Facile surfactant- and template-free synthesis and electrochemical properties of SnO2/graphene composites

In this work, we demonstrate a facile and green hydrothermal process without using any surfactant or template to synthesize SnO 2 nanoflowers (NFs)/graphene nanosheets (GNSs) composites as a high-performance electrode material for electric double layer capacitors (EDLCs). The crystal structure and morphology of the products were characterized by X-ray diffraction, scanning electron microscopy, and transition electron microscopy.

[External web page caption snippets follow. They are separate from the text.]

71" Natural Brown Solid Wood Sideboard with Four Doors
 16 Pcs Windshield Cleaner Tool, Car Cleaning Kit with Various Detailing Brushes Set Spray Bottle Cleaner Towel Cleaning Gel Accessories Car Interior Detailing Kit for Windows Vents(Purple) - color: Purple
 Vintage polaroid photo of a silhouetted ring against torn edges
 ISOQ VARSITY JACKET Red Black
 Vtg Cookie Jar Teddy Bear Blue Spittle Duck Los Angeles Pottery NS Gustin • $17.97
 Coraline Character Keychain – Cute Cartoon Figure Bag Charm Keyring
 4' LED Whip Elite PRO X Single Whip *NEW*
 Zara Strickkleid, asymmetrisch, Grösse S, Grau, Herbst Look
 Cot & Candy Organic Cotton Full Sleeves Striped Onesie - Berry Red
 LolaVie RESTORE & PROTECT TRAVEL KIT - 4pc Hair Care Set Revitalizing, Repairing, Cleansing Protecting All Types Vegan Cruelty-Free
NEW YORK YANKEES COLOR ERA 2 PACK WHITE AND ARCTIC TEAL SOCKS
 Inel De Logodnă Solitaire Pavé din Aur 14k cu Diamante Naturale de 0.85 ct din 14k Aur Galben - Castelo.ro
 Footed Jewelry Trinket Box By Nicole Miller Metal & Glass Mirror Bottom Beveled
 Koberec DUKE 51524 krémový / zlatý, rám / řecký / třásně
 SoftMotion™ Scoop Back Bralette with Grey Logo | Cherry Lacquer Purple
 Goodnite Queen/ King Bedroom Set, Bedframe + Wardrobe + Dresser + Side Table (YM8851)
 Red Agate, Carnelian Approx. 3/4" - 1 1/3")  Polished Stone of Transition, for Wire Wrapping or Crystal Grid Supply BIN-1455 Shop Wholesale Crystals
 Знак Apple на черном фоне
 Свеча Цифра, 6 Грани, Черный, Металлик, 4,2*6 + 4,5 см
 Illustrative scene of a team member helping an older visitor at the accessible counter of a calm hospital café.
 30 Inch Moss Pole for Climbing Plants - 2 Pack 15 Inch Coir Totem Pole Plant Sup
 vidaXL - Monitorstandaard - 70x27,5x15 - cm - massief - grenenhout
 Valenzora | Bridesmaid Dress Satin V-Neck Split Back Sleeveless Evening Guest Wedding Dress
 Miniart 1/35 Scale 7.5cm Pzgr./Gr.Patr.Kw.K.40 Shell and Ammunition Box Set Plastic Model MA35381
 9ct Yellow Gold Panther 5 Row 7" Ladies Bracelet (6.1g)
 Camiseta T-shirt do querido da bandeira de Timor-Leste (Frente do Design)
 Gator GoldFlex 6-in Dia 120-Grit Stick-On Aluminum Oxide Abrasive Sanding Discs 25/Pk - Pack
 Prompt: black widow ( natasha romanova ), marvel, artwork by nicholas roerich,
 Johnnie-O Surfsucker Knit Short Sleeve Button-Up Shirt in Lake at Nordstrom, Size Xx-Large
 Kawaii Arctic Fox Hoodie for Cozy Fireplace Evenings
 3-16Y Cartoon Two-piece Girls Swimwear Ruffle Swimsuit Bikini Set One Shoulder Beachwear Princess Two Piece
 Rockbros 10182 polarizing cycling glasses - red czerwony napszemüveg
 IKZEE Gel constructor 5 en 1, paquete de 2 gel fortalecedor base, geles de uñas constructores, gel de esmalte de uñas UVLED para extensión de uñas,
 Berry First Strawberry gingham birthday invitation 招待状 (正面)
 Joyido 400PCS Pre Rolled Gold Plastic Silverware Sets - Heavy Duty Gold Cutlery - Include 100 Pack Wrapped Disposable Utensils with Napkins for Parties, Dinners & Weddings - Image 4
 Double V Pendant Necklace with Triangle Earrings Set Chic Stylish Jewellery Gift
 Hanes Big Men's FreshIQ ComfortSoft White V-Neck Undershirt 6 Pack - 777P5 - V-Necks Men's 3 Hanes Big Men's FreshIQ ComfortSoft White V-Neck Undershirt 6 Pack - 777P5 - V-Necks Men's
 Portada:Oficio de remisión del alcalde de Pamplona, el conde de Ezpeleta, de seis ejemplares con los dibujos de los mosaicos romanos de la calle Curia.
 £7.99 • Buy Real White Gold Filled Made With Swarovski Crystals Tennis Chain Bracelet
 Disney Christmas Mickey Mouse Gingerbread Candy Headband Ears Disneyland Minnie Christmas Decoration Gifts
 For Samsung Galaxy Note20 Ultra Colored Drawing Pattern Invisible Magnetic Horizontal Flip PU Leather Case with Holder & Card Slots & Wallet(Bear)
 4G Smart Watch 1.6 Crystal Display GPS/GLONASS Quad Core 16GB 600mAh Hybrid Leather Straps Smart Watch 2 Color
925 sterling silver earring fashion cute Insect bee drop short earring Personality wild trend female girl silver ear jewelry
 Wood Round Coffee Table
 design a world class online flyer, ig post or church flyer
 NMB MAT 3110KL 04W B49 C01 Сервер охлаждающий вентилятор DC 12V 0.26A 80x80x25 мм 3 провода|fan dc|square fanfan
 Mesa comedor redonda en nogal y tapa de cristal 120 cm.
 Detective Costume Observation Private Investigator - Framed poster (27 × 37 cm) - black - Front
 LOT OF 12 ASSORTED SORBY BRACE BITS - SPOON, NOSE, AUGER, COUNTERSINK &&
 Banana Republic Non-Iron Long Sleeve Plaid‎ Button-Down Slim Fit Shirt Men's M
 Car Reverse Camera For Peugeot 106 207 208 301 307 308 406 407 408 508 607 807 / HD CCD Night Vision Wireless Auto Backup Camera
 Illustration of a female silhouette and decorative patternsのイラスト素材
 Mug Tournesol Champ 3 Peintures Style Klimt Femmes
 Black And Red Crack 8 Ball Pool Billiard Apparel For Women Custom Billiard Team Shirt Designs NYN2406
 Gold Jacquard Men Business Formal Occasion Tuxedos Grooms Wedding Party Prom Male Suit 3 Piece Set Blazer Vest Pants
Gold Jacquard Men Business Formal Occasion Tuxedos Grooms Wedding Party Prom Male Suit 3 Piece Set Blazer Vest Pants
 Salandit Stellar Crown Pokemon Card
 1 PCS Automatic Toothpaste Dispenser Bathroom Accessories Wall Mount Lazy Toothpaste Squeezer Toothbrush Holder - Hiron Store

The electrochemical properties were investigated by galvanostatic charge/discharge cycling and cycling voltammetry in a voltage range of −0.2–0.8 V. The results exhibit that the addition of GNSs did not change the tetragonal crystal structure of SnO 2 , and the GNSs were successfully coated on the flower-like surface of SnO 2 . The grain morphology of SnO 2 @GNSs composites has a flower-like appearance suggesting excellent electrochemical properties which were confirmed by electrochemical techniques. Compared with the GNSs, the SnO 2 @GNSs composites exhibit a high specific discharge capacitance of 126 F g −1 at 0.2 A g −1 and remains 98.2% after 2000 charge–discharge cycles. The combination of GNSs and SnO 2 could significantly improve the electrical conductivity, enhance the interactions between GNSs and SnO 2 NFs and provide more reaction sites, thereby resulting in improved electrochemical properties for the SnO 2 @GNSs composites in contrast with the pristine GNSs sample. The high specific capacity and long stability make the SnO 2 @GNSs nanocomposite as a electrode material for high-performance supercapacitors.